Expanded CD34+ human umbilical cord blood cells generate multiple lymphohematopoietic lineages in NOD-scid IL2rgamma(null) mice.

Document Type

Article

Publication Date

2008

Keywords

Antigens-CD34, B-Lymphocytes, Cell-Culture-Techniques, Cord-Blood-Stem-Cell-Transplantation, Hematopoiesis, Humans, Infant-Newborn, Interleukin-Receptor-Common-gamma-Subunit, Lymphocyte-Activation, Lymphopoiesis, Mice-Inbred-NOD, Mice-Knockout, Mice-SCID, Recombinant-Proteins, T-Lymphocytes, Transplantation-Conditioning, Transplantation-Heterologous, Tumor-Necrosis-Factor-alpha

JAX Source

Exp Biol Med (Maywood) 2008 Aug; 233(8):997-1012.

Abstract

Umbilical cord blood (UCB) is increasingly being used for human hematopoietic stem cell (HSC) transplantation in children but often requires pooling multiple cords to obtain sufficient numbers for transplantation in adults.
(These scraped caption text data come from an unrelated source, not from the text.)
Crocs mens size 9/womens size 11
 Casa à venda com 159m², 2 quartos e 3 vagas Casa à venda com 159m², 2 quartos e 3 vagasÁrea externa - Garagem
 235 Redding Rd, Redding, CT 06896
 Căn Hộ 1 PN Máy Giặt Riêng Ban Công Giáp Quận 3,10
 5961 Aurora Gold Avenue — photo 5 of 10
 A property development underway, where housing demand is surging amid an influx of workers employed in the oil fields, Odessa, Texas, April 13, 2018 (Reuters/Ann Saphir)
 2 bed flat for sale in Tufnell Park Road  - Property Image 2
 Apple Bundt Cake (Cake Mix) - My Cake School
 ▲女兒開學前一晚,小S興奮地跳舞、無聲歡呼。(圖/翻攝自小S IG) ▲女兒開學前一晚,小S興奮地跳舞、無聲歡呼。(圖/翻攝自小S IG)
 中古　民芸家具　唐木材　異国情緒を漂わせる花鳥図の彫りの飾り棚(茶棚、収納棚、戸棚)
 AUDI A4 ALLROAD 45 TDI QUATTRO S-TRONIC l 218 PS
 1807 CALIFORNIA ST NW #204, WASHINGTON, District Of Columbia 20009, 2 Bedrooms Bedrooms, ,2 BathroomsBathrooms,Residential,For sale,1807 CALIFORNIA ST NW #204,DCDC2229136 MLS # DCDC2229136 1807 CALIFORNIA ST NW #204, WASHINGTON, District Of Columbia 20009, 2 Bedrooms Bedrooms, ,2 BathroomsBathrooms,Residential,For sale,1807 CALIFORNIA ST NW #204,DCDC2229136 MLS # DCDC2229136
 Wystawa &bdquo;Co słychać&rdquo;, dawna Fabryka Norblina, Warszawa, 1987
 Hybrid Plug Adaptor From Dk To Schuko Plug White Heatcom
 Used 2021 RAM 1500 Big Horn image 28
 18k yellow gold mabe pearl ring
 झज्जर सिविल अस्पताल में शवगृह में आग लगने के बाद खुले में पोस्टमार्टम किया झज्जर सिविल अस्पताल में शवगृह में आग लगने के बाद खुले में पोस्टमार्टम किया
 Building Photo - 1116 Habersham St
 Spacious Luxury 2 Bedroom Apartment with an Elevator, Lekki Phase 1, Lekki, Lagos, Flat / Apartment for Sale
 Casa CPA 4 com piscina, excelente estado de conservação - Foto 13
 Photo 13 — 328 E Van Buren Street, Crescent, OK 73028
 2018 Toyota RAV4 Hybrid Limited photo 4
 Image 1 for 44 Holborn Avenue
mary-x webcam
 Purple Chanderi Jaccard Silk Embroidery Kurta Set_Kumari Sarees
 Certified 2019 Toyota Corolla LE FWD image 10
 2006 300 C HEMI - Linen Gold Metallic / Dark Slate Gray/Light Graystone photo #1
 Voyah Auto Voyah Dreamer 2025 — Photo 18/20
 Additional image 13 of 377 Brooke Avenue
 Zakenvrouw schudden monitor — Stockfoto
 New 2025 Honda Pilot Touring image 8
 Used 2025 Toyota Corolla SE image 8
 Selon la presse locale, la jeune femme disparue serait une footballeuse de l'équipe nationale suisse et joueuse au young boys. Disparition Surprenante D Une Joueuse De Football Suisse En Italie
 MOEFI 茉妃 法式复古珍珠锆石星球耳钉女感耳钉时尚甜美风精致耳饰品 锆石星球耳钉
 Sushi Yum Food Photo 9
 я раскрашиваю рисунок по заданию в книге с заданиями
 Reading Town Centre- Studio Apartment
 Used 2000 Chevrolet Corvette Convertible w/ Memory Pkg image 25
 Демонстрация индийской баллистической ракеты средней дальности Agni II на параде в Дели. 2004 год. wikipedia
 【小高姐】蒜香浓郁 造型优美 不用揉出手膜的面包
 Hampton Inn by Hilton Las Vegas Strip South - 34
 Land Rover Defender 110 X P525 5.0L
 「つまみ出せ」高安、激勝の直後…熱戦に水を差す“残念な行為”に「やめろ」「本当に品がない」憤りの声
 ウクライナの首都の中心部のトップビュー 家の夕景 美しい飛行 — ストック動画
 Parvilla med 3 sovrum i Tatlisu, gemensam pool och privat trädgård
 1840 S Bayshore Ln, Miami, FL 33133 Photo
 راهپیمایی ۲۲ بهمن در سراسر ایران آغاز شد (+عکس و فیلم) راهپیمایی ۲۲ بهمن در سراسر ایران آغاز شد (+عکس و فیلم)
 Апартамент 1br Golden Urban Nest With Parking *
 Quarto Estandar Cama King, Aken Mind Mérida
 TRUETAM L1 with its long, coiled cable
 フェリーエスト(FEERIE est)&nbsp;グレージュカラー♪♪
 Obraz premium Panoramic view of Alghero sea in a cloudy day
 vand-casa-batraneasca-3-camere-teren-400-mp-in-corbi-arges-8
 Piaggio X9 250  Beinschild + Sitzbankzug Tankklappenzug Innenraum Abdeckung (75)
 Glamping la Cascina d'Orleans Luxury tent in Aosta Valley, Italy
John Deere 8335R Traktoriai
To overcome this limitation, we have used an ex vivo two-week culture system to expand the number of hematopoietic CD34(+) cells in cord blood. To assess the in vivo function of these expanded CD34(+) cells, cultured human UCB containing 1 x 10(6) CD34(+) cells were transplanted into conditioned NOD-scid IL2rgamma(null) mice. The expanded CD34(+) cells displayed short- and long-term repopulating cell activity. The cultured human cells differentiated into myeloid, B-lymphoid, and erythroid lineages, but not T lymphocytes. Administration of human recombinant TNFalpha to recipient mice immediately prior to transplantation promoted human thymocyte and T-cell development. These T cells proliferated vigorously in response to TCR cross-linking by anti-CD3 antibody. Engrafted TNFalpha-treated mice generated antibodies in response to T-dependent and T-independent immunization, which was enhanced when mice were co-treated with the B cell cytokine BLyS. Ex vivo expanded CD34(+) human UCB cells have the capacity to generate multiple hematopoietic lineages and a functional human immune system upon transplantation into TNFalpha-treated NOD-scid IL2rgamma(null) mice.